As a case of biting the hand that feeds, it doesn’t get better than this. For about 18 months the ATSB had been fighting a running battle against senior airline pilots including Bailey, Hardy and Evans who had promoted the theory that Zaharie hijacked his own aircraft and flew it right to the end and ditched it in a deliberate effort to disappear it. Meanwhile, the ATSB and Transport Minister Truss had consistently described the controlled glide scenario as ‘very unlikely’ and stuck to the bureau’s preferred ‘unresponsive crew/hypoxia’ end-of-flight model.
So now, the ATSB’s $200 million action man, Kennedy, seemed to be siding with the enemy – Bailey and the other pilots – in supporting the ‘rogue pilot to the end’ theory. To make matters worse, the story came out just a few days before ministers from Australia, Malaysia and China were to meet again to discuss the next move.
Fugro went into full PR damage control mode to try to mitigate the distinct impression implied by Kennedy that the pilots were right all along.
‘Fugro wishes to make it very clear that we believe the search area to have been well defined based on all of the available scientific data.

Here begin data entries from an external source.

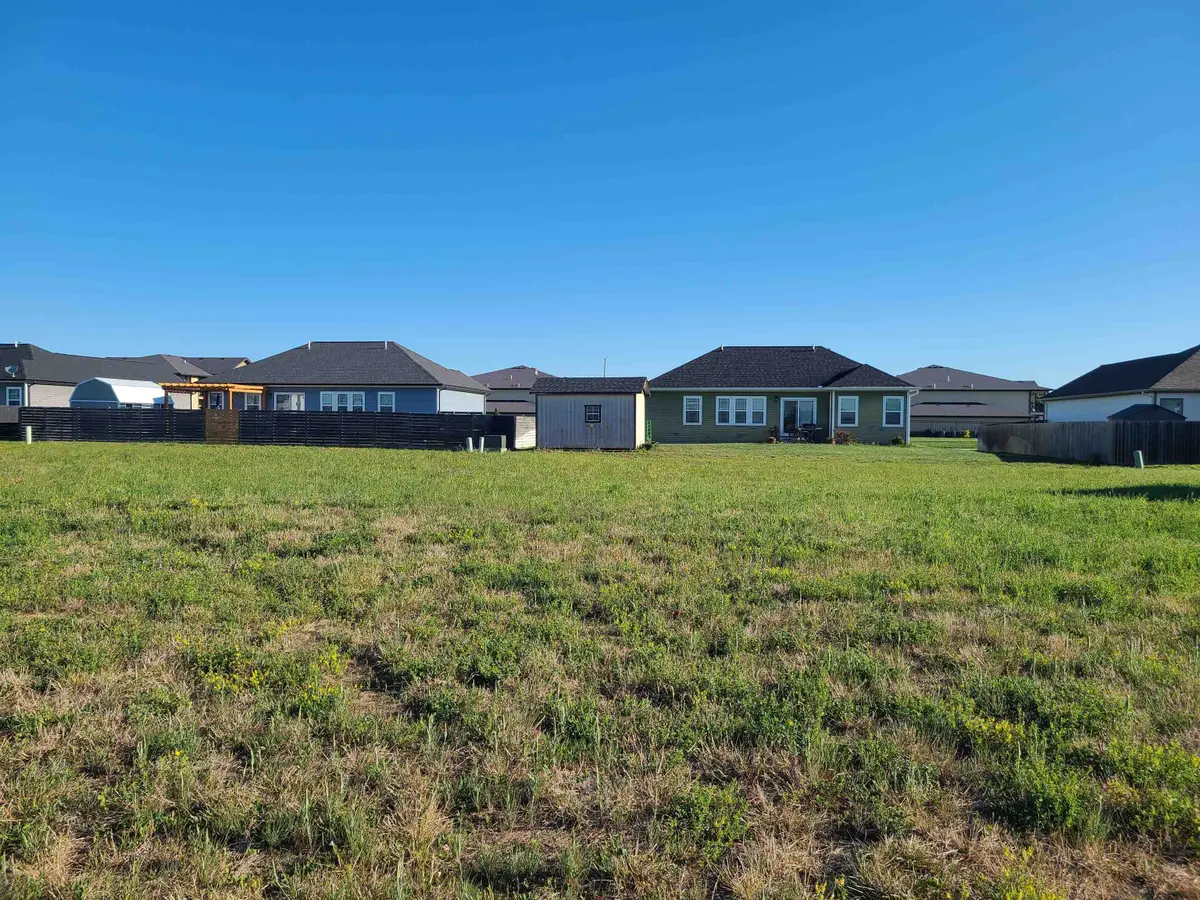 1431 Curtiss Dr., McPherson, KS 67460 - #1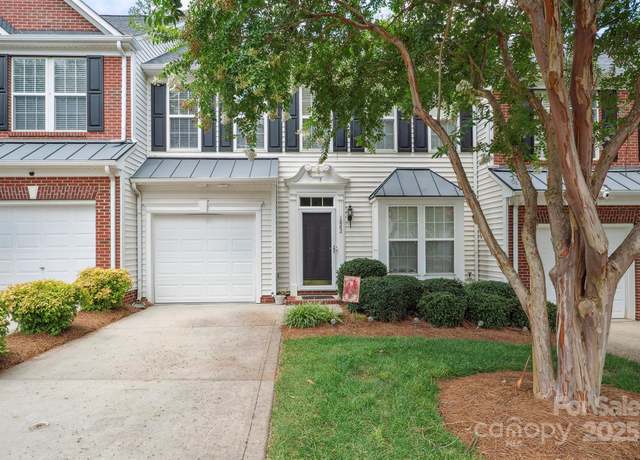 Property at 1882 Lookout Ln, Gastonia, NC 28054, 3 beds, 2.5 baths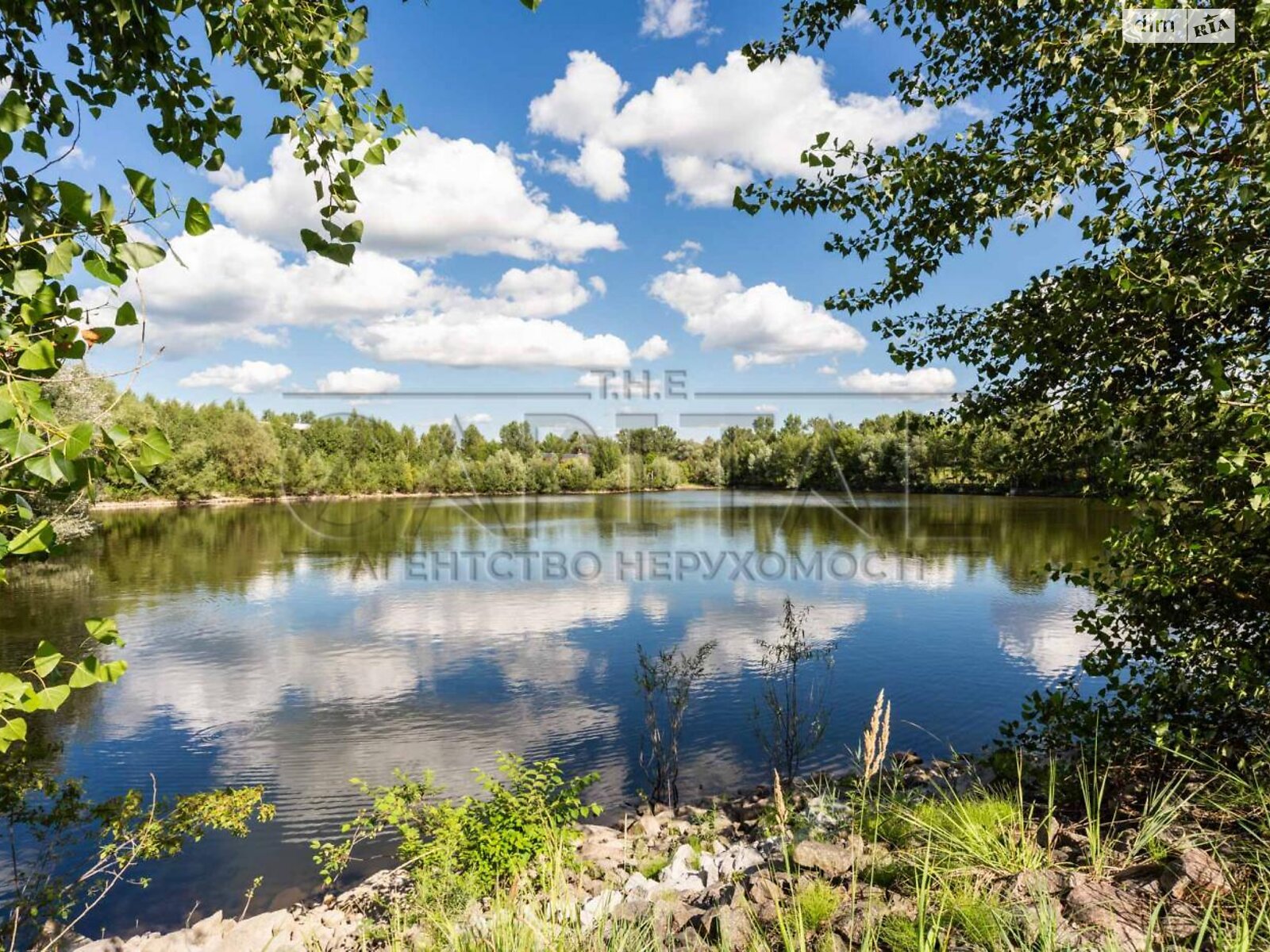 Земельна ділянка під житлову забудову в Новосілках, площа 186 соток фото 1 Земельна ділянка під житлову забудову в Новосілках, площа 186 соток фото 1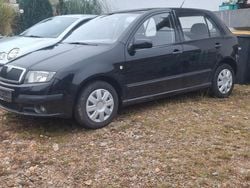 Schwarz Gebraucht 2005 Skoda Fabia Sport Limousine | 1.700 € (Fairer Preis)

In short, we have been thoroughly looking in the most probable place – and that is the right place to search,’ Fugro said in a statement.
The statement did not, however, claim Reuters misquoted Kennedy.

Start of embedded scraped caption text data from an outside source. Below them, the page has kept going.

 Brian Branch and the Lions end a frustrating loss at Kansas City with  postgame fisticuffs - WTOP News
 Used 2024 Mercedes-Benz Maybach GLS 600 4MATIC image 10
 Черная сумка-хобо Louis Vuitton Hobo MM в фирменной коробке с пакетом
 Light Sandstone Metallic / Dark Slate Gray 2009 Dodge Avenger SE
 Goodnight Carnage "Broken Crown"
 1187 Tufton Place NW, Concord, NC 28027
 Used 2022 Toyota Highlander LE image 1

Between Kennedy’s suggestion that the ‘pilot hijack’ theory was right, and the confirmation of the FBI discovery of the simulated flight, Bailey claimed he had been vindicated and that the ATSB and Truss had been hiding the truth for two years while sledging him.
‘How is it that a taxpayer-funded government department can be so devious?’ Bailey asked in The Australian.
By late July 2016, with only about 10 per cent of the designated search area of 120,000 square kilometres yet to be covered, the three governments backing the search had to decide what their next move would be if that were completed and the aircraft not found. It was a tough call, and as the country officially in charge of the investigation into the disappearance of Malaysia Airlines Flight MH370, and the one putting up the most money to find it, the Malaysian government held the whip hand in making it. While Malaysia is no longer a poor country, the government faced a dilemma in whether it could write a blank cheque in the hunt for the aircraft when that money could otherwise go to, for example, schools, health or economic development.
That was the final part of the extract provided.